PROMPT - Output the entries below exactly as written, omitting pictures.

==== MATERIAL FOR THE TASK ====

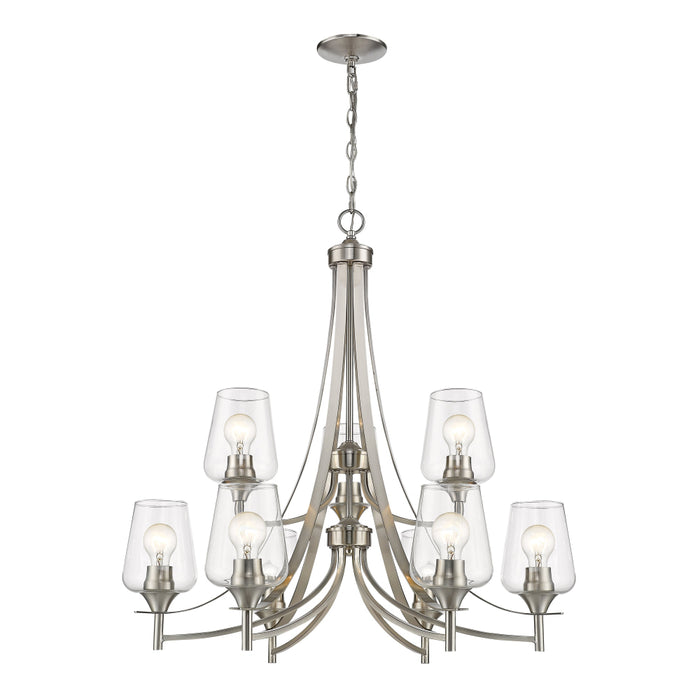 Z-Lite Joliet Brushed Nickel Chandelier 473-9BN | theLightShop
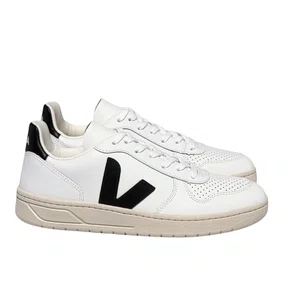 Tênis Veja Masculino V-10 White Black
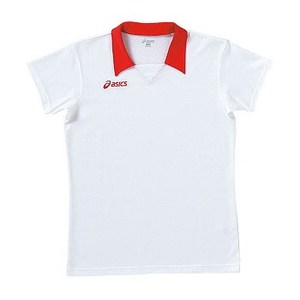 アシックス（asics） XW1293 ゲームシャツ（半袖） Men's 2XO 0123（ホワイト×レッド）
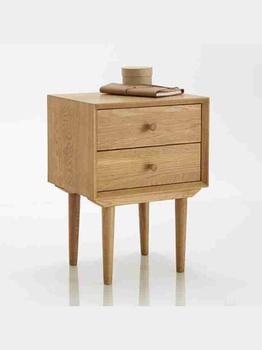 [OAKGI186] Tủ Đầu Giường Gỗ Sồi Cao 55 Ngang 40 Sâu 33 (cm)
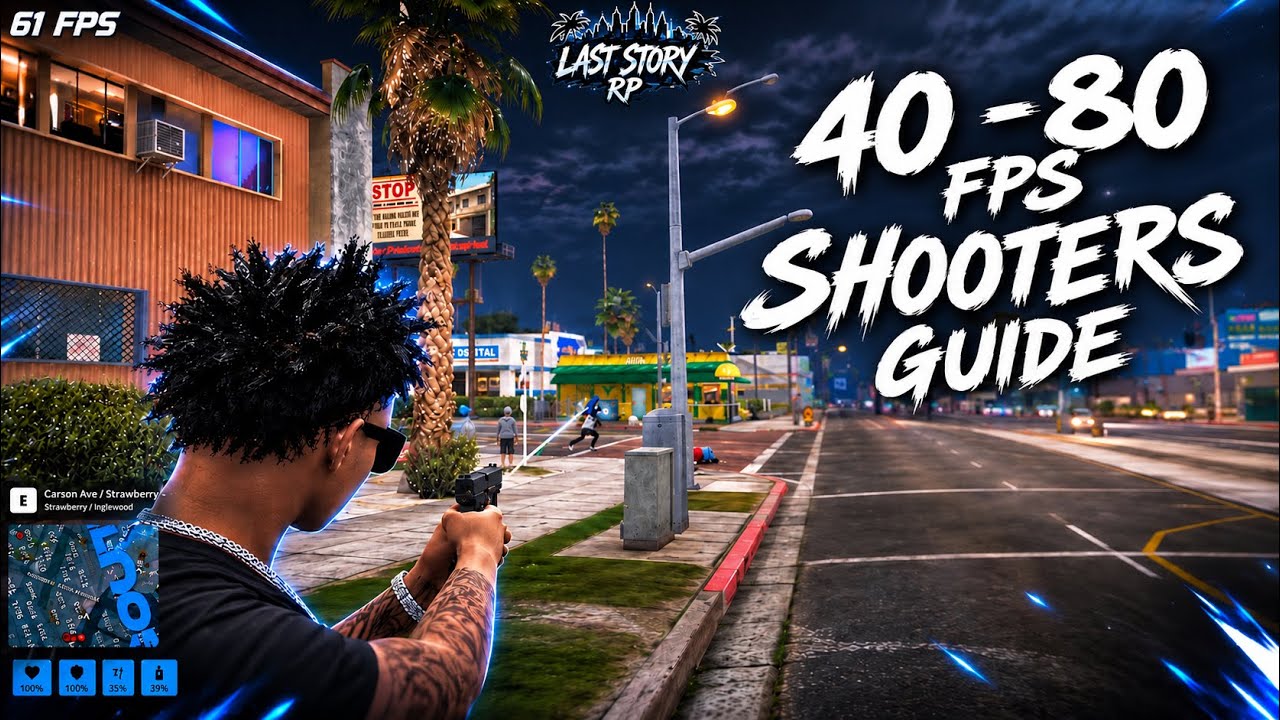 FiveM 40 - 80 FPS shooter Guide background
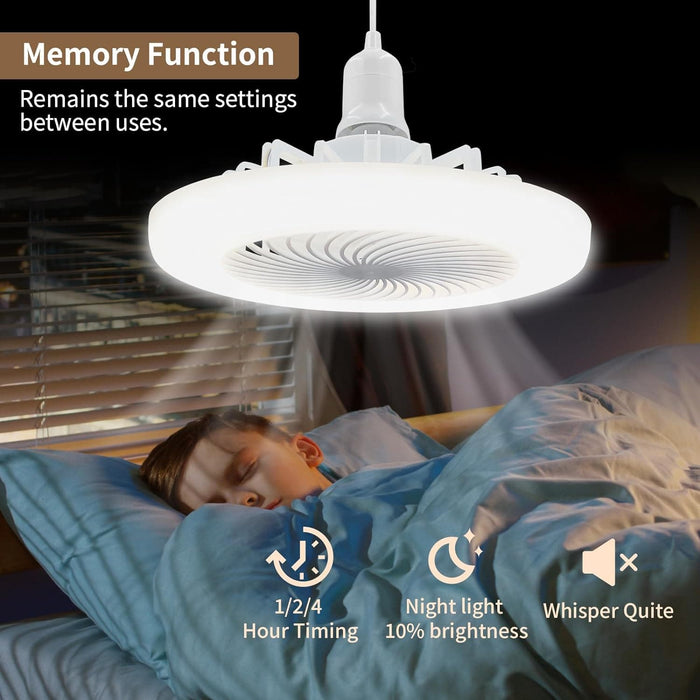 Plug in Corded Ceiling Fan Pendant Light with Remote Control, Small Socket Fan for Kid Room Bedroom Bathroom Kitchen, Outdoor Ceiling Fan for Garage-7-ErisView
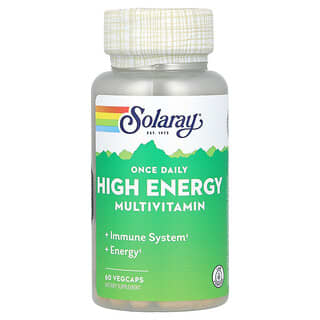 Solaray, Suplemento multivitamínico de alto contenido energético, Una vez por día, 60 cápsulas vegetales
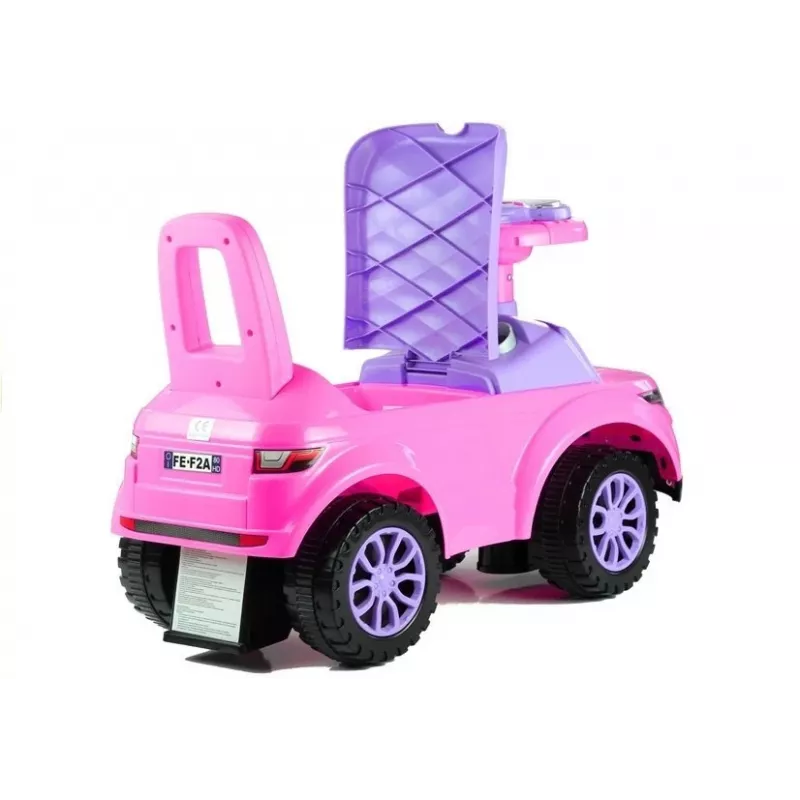 LEAN CARS Toddlers Ride On 613W roze met geluid en licht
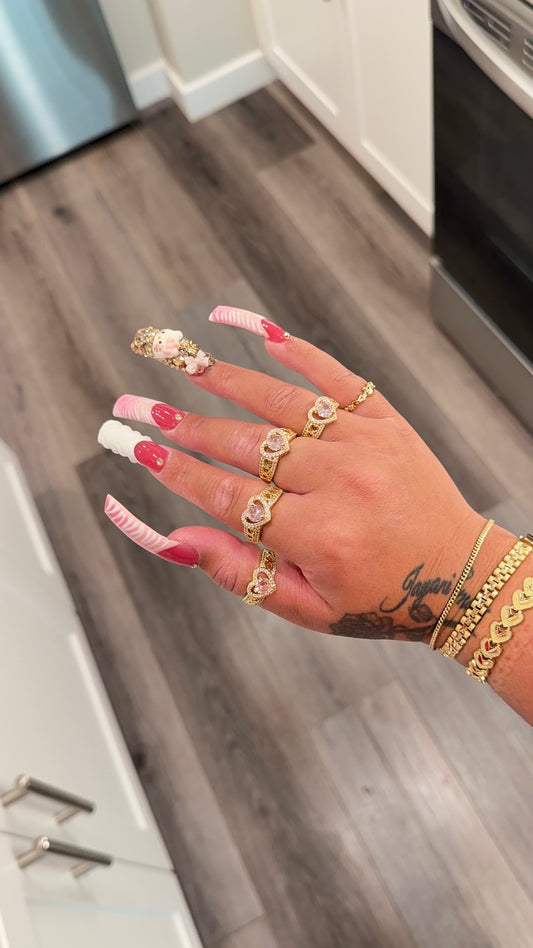 Bonita PINK princess ring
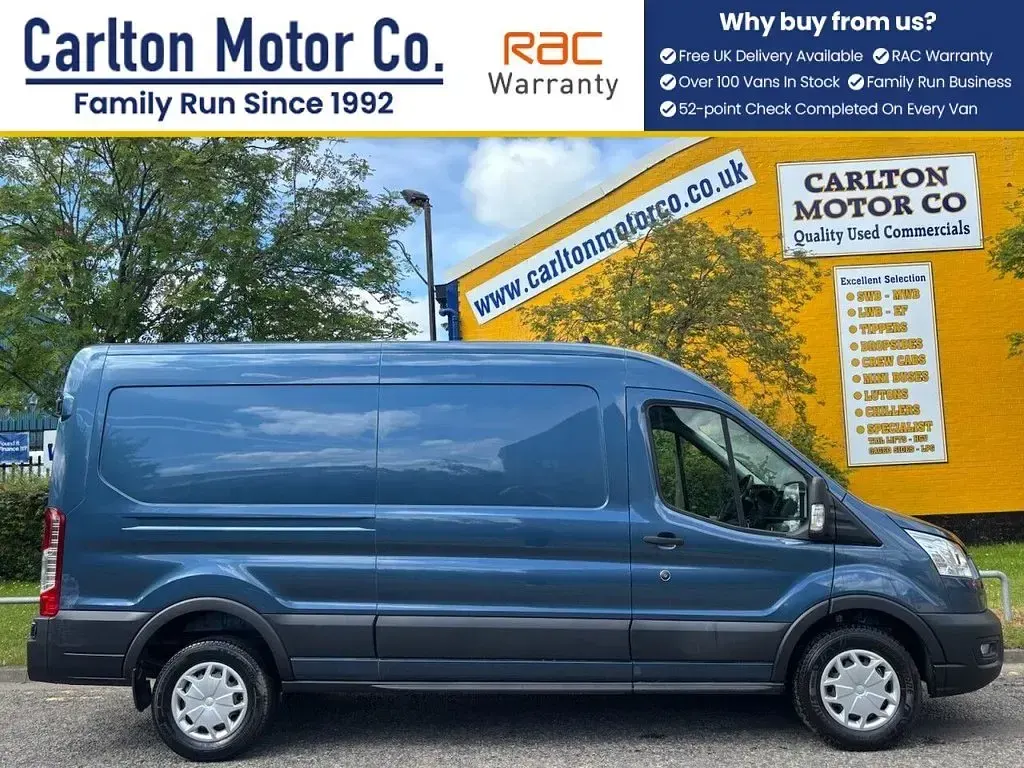 Used Ford Transit Trend 130 HP (95 kW) 2020 Blue Van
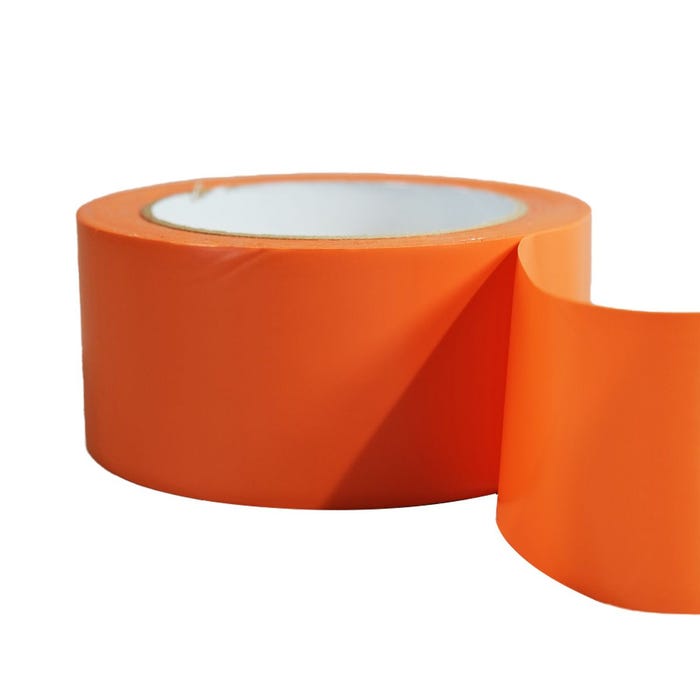Lot de 108 Rubans adhésifs PVC orange bâtiment 50 mm x 33 m - Rouleau adhésif TECPLAST 4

====

ANSWER SPACE -
 Z-Lite Joliet Brushed Nickel Chandelier 473-9BN | theLightShop
 Tênis Veja Masculino V-10 White Black
 アシックス（asics） XW1293 ゲームシャツ（半袖） Men's 2XO 0123（ホワイト×レッド）
 [OAKGI186] Tủ Đầu Giường Gỗ Sồi Cao 55 Ngang 40 Sâu 33 (cm)
 FiveM 40 - 80 FPS shooter Guide background
 Plug in Corded Ceiling Fan Pendant Light with Remote Control, Small Socket Fan for Kid Room Bedroom Bathroom Kitchen, Outdoor Ceiling Fan for Garage-7-ErisView
 Solaray, Suplemento multivitamínico de alto contenido energético, Una vez por día, 60 cápsulas vegetales
 LEAN CARS Toddlers Ride On 613W roze met geluid en licht
 Bonita PINK princess ring
 Used Ford Transit Trend 130 HP (95 kW) 2020 Blue Van
Lot de 108 Rubans adhésifs PVC orange bâtiment 50 mm x 33 m - Rouleau adhésif TECPLAST 4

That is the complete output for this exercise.